9. DUNE, PART II (Denis Villeneuve)
After the impressive epic sweep of his first instalment of Frank Herbert's cult sci-fi classic in 2021, Denis Villeneuve returned with an even more jaw dropping sequel.
Now living among the desert dwelling rebels known as the Fremen, Timothee Chalamet's Paul Atriedes finds himself torn between his love for Zendaya's warrior Chani and the weight of expectation that he might be a prophet.
Can he defeat the forces of darkness led by Stellan Skarsgard's Baron Vladimir Harkkonen, Dave Bautista's thuggish Rabban and Austin Butler's Feyd-Rautha?
With Christopher Walken, Florence Pugh and Lea Seydoux joining returning cast members Javier Bardem, Josh Brolin, Charlotte Rampling and Rebecca Ferguson as Paul's mother Lady Jessica, the French Canadian director takes his audience to places they might not expect.
Visually stunning CGI effects, epic sets and eye catching costumes help make this a superior blockbuster that's galaxies away from the empty spectacle that most Marvel superhero movies have been.
Villeneuve and Jon Spaihts' intelligent screenplay and their willingness to tackle big themes like faith, power, corruption and betrayal sets this version apart from previous adaptations of 'Dune' and other shallow sci-fi franchise epics.
It's a monumental achievement. Roll on Part III.
8.BLITZ (Steve McQueen)
Is Steve McQueen capable of making a disappointing movie?
From 'Hunger' and 'Shame' to the Oscar Best Picture winning 'Twelve Years A Slave,' 'Widows' and the 'Small Axe' anthology, he's been one of the most impressive directors of the past 16 years - taking on the toughest of subjects and fashioning graceful, compelling, visually striking stories around them.
'Blitz' is no different.
On one level it's an affectionate tribute to his home city of London and the resilience its population showed in the face of Nazi aerial bombardments.
But it is also a wonderful fusion of a childhood adventure, an affectionate family portrait and a celebration of a multi ethnic city.

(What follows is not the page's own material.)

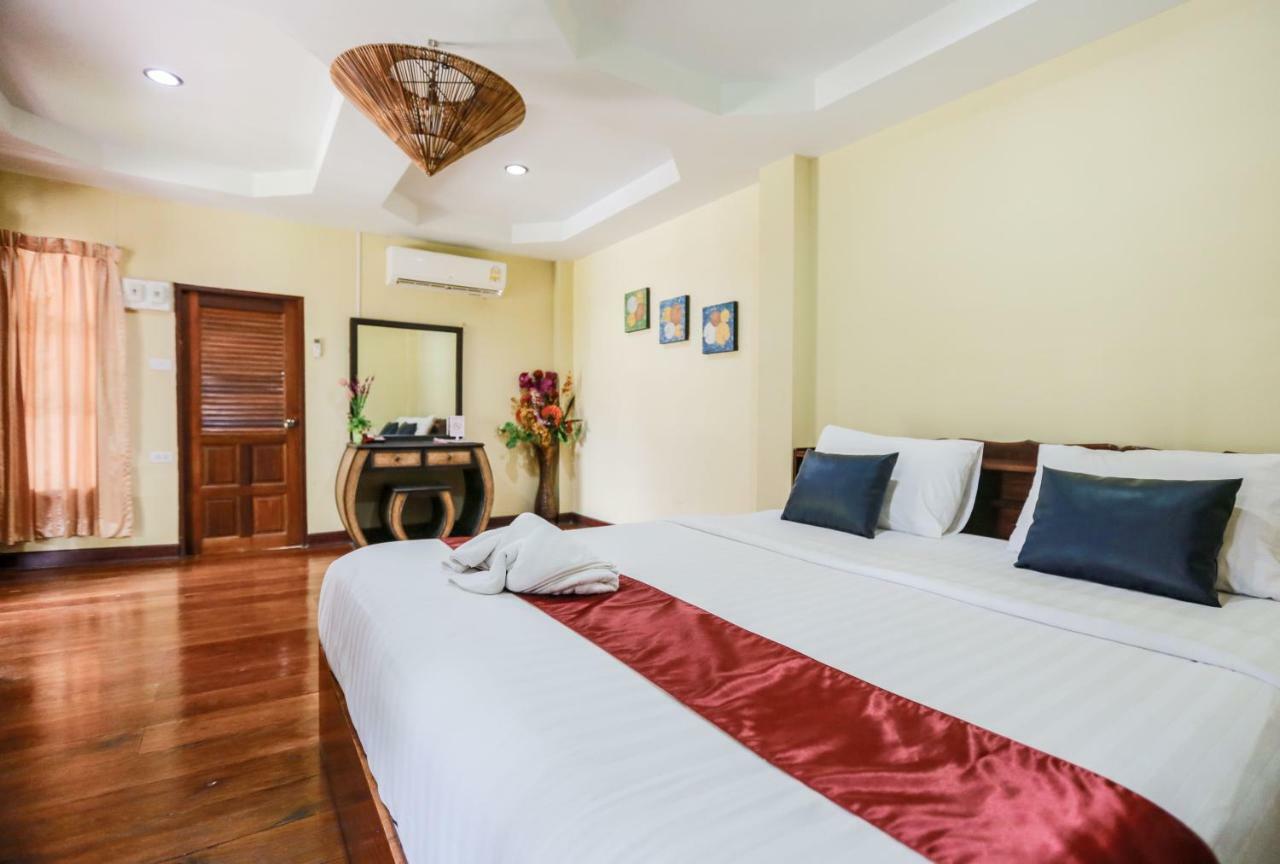 Jintana Resort Buriram Extérieur photo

Elliott Heffernan is superb as George, the young boy at the heart of the story who escapes a train evacuating him to the countryside and embarks on a dangerous trek through the war ravaged streets of London instead to be reunited with his mum.
Saoirse Ronan is terrific as his mum Rita, with Paul Weller, Harris Dickinson, Benjamin Clementine, Kathy Burke, Stephen Graham, Hayley Squires, Erin Kellyman, Leigh Gill, Alex Jennings and Celeste all making their mark in supporting roles.
Given a brief theatrical run before it landed on Apple TV+, this is one of those movies that should be seen on the largest TV screen you have with a great sound system if you are really going to appreciate in your home.
French cinematographer Yorik Le Saux's images, Jacqueline Durran's costumes, Adam Stockhausen's production design, Hans Zimmer's score and the work of the sound design, hair, make-up and visual effects teams deserve to be savoured on as big and noisy a canvas as possible.
7. THE HOLDOVERS (Alexander Payne)
Payne's tale of a boarding school student, a bourbon swilling classics teacher and a grieving cook forced to spend Christmas together in an abandoned Massachusetts college is a welcome return to form for the Nebraskan director.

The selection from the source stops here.